▶ _EXERCISE DIRECTIONS_:
Please restate, exactly as they appear, only the lines from the one that contains "Insects Puzzles for" to the final line of the entries, with no pictures.

+++++

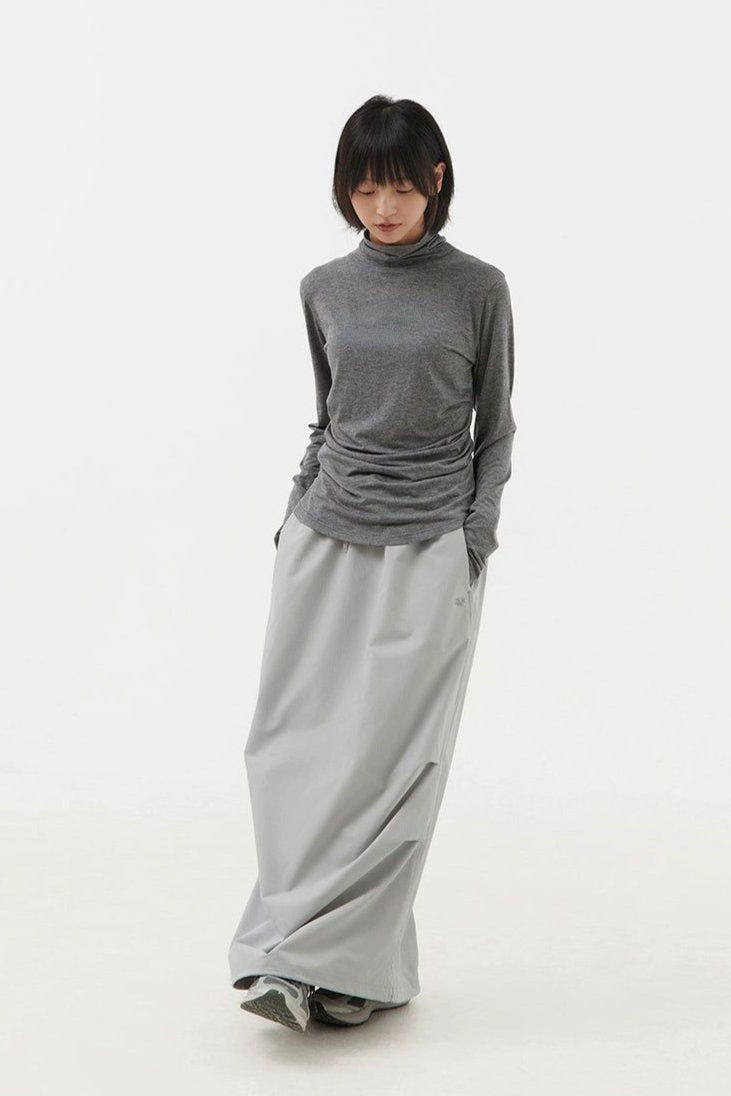 Plain Color Long Nylon Skirt Korean Street Fashion Skirt By Crying Center Shop Online at OH Vault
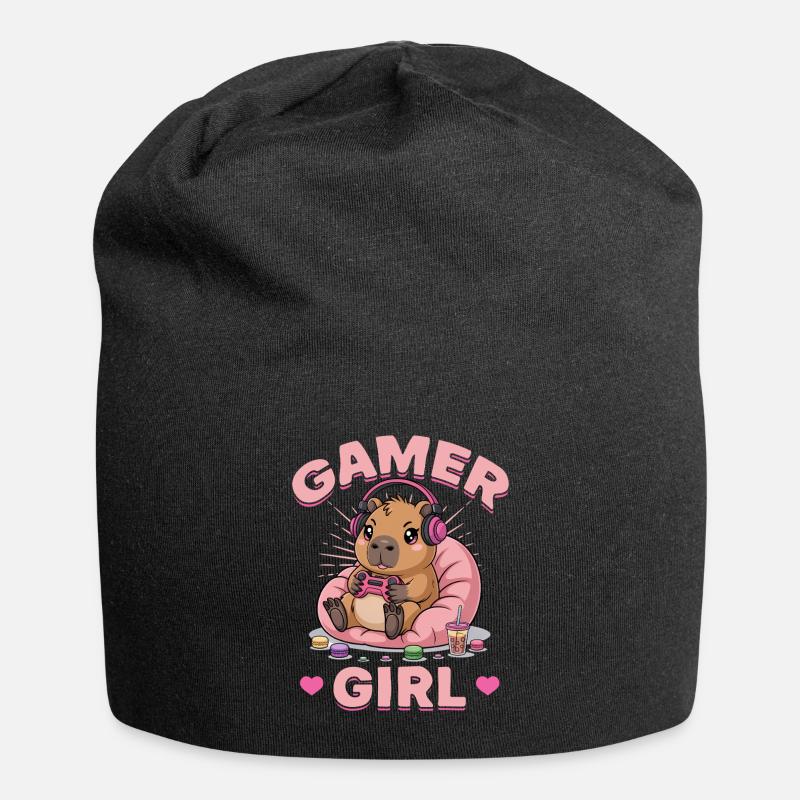 Gamer Gaming Capybara Video Game - Jersey Beanie - black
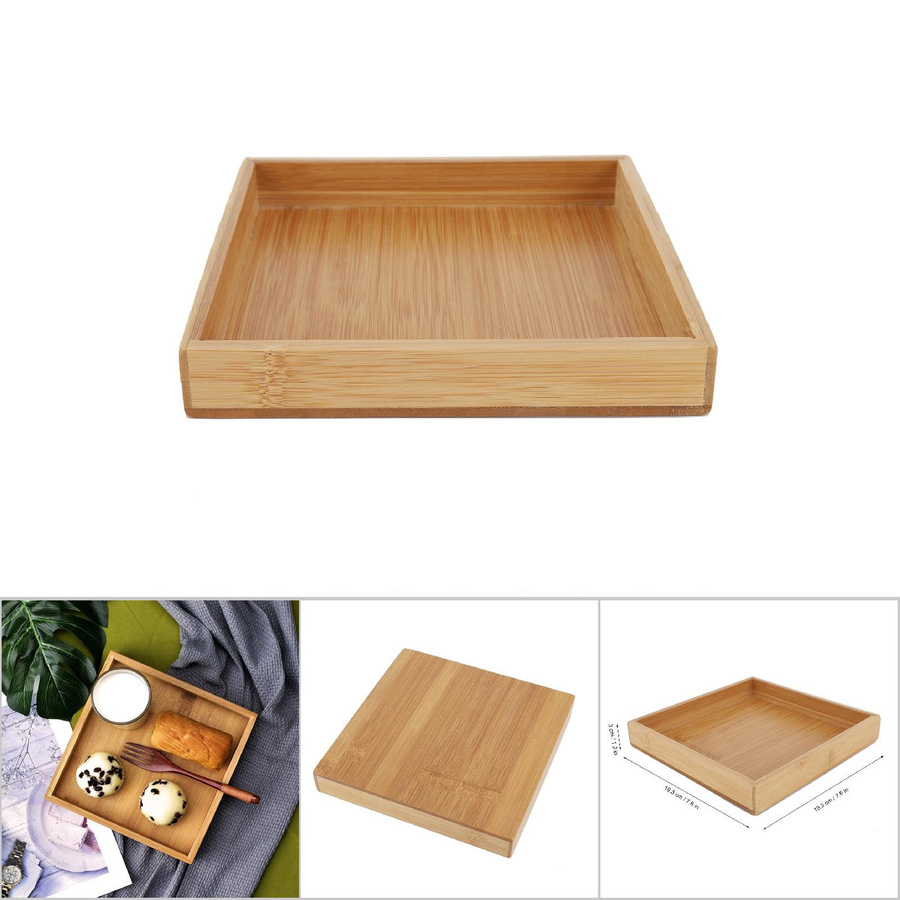 Rechteckiges Serviertablett im japanischen Stil von TOMTOP JMS in Braun, B/T/H: 19,3 x 19,3 x 3 cm - Bild 2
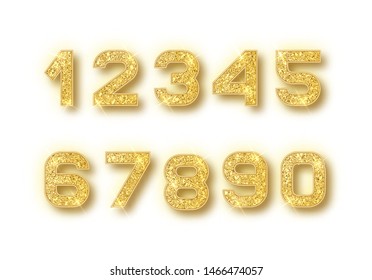 Gold glitter alphabet numbers set with shadow. Vector realistick shining golden font number 1,2,3,4,5,6,7,8,9,0 of sparkles on white background. For decoration of cute wedding, anniversary party label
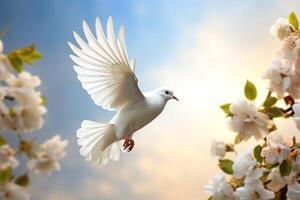 ai generato tranquillo, calmo bianca colomba simboleggia la libertà e preghiere per Ucraina foto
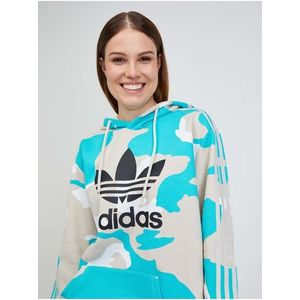 Tyrkysovo-béžová unisex vzorovaná mikina s kapucí adidas Originals obraz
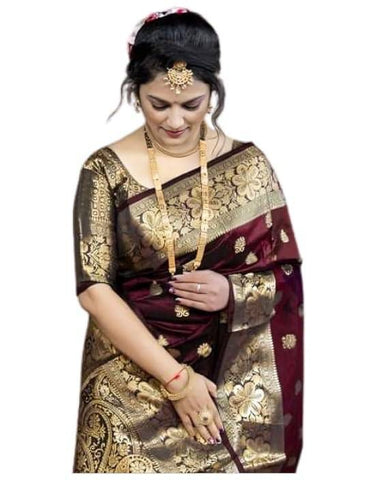 Women Silk Saree with Woven Motifs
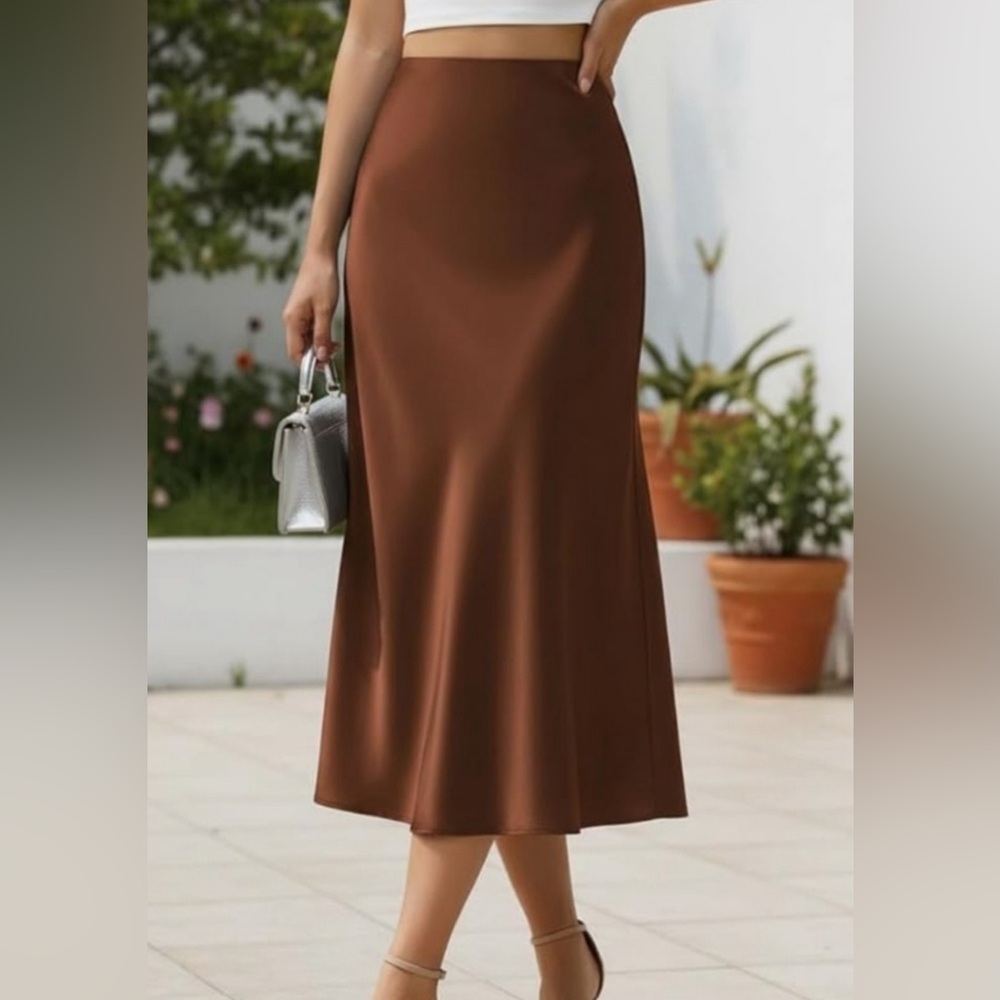 ANTONIO MELANI Chocolate Brown Midi Slip Skirt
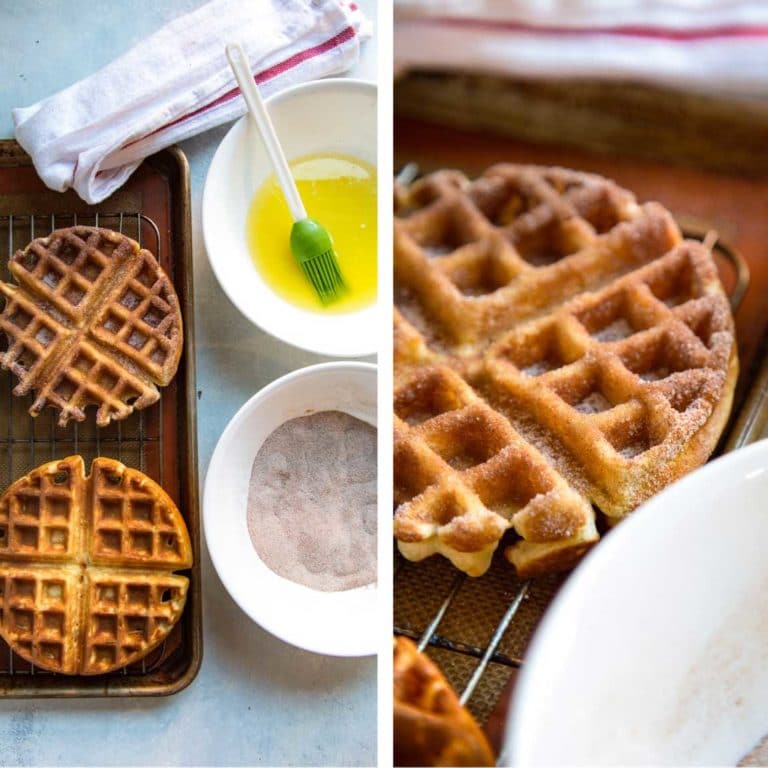 coating waffles with cinnamon sugar, and butter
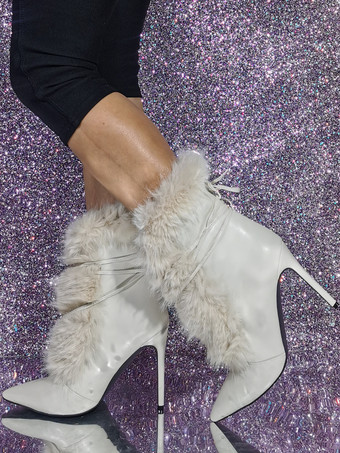 アイボリー レディース ブラック ポインテッドトゥ ブーティ フェイクファー レースアップ スティレットヒール アンクルブーツ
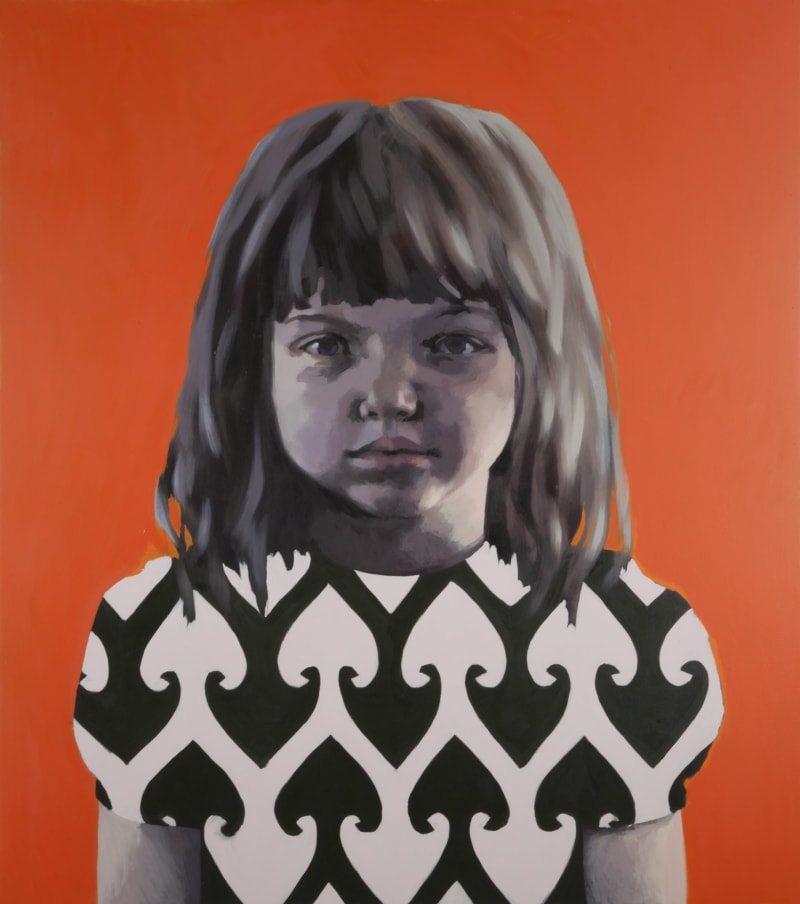 Claerwen James Girl in a blue and back dress against orange, 2008-2023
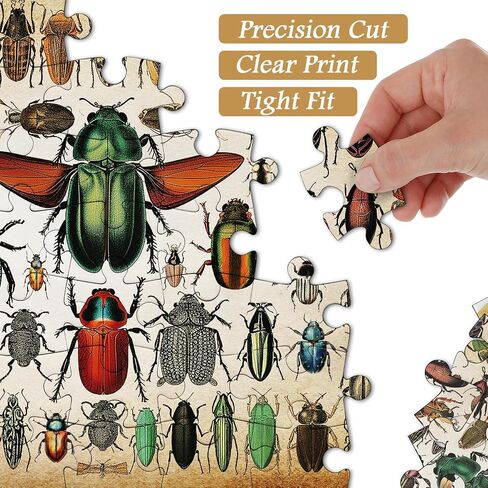 Insects Puzzles for Adults 1000 Pieces and up, PICKFORU Vintage Puzzle with 73 Colorful Insects, Bugs Jigsaw Puzzles as Gift for Beetles Lovers in Saudi Arabia
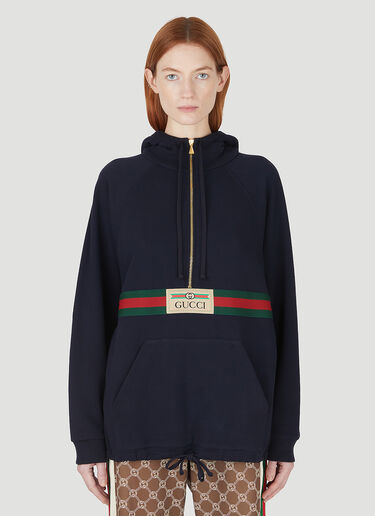 Gucci Web Trim Hooded Sweatshirt Black guc0247074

+++++

▶ _SOLUTION TO THE EXERCISE_:
 Insects Puzzles for Adults 1000 Pieces and up, PICKFORU Vintage Puzzle with 73 Colorful Insects, Bugs Jigsaw Puzzles as Gift for Beetles Lovers in Saudi Arabia
 Gucci Web Trim Hooded Sweatshirt Black guc0247074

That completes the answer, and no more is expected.